Among regional mandates, Latin American hedge fund managers topped the tables, gaining 3.47 per cent while event driven managers posted the best returns, up 1.95 per cent among strategic mandates. Financial markets were still hinged on the developments post-Trump win with US equity markets trading higher at the start of January on the back of encouraging US macro data.

The flow of economic data from major economies outside of the US has also signalled an encouraging outlook on the global economy. However, this still has to be taken with a pinch of salt as we are yet to see the full impact of Trump’s protectionist policies on America’s trade partners, Eurekahedge writes. While there are understandable jitters on an America First rhetoric, Trump could be treading political sensitivities too precariously.

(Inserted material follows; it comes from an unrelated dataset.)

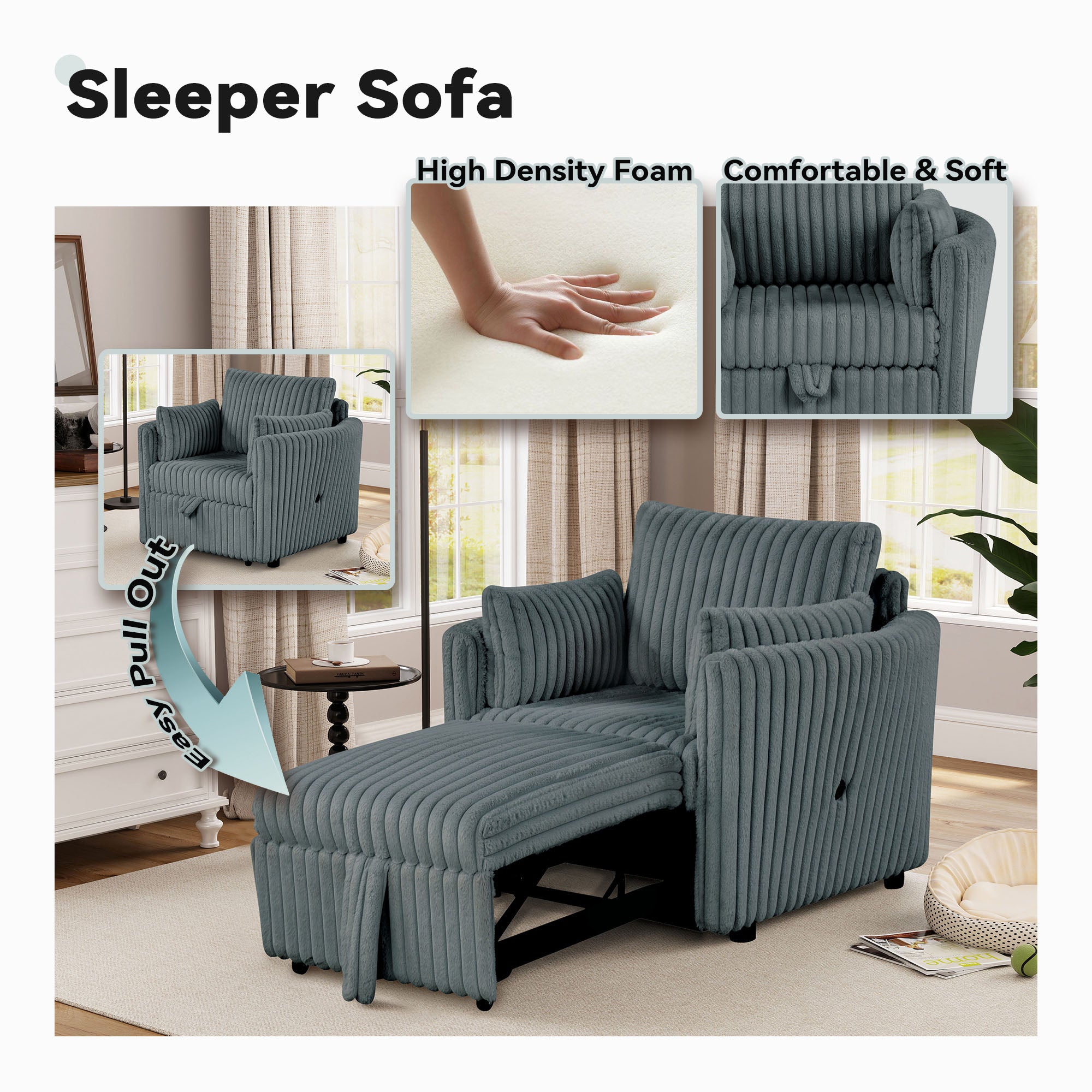 Boyel Living BL-SL64002DGCH Sofas-Loveseats - View #5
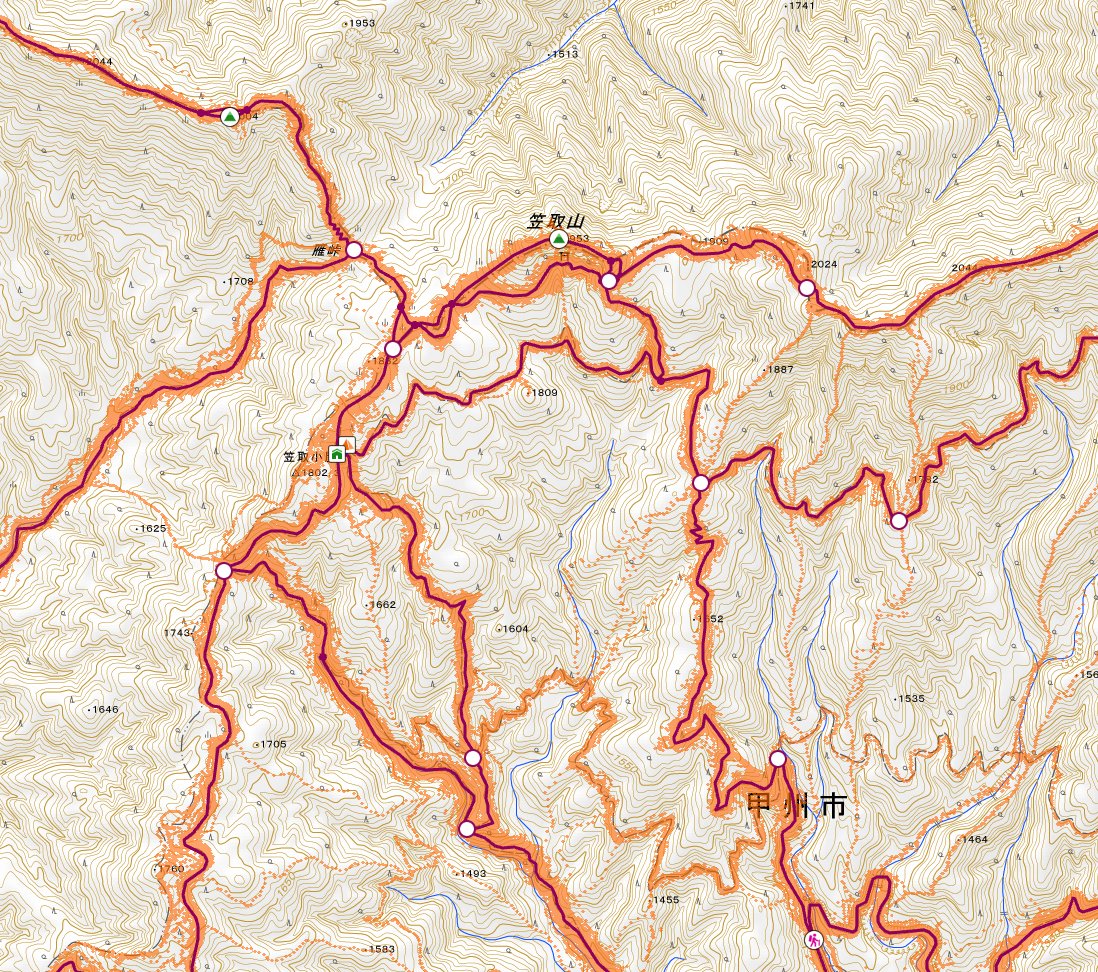 YamarecoR's tweet photo. 埼玉県、山梨県のルートを作成中です！

笠取山(かさとりやま)の山行計画ルートを作成いただけるようになりました。
https://t.co/ulgtoom7Md https://t.co/AMTiYZ1iUt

The Eurekahedge 50 Index, an annually rebalanced index comprising of 50 elite hedge funds with strong risk-adjusted returns and combined AUM of almost USD150 billion has been rebalanced for annual year 2017. The Eurekahedge 50 Index was up 4.33 per cent in 2016, outperforming the average billion dollar hedge fund by almost 200 basis points during the year.

Key highlights of January 2017 include that over the past year, hedge funds were up 4.54 per cent with managers posting eight consecutive months of gains since February 2016. Close to one-quarter of hedge fund managers posted double digit returns for annual year 2016.

Eurekahedge writes that among developed mandates, North American hedge funds were up 1.05 per cent, followed by Japan and European mandated hedge funds which gained 0.75 per cent and 0.57 per cent respectively for January.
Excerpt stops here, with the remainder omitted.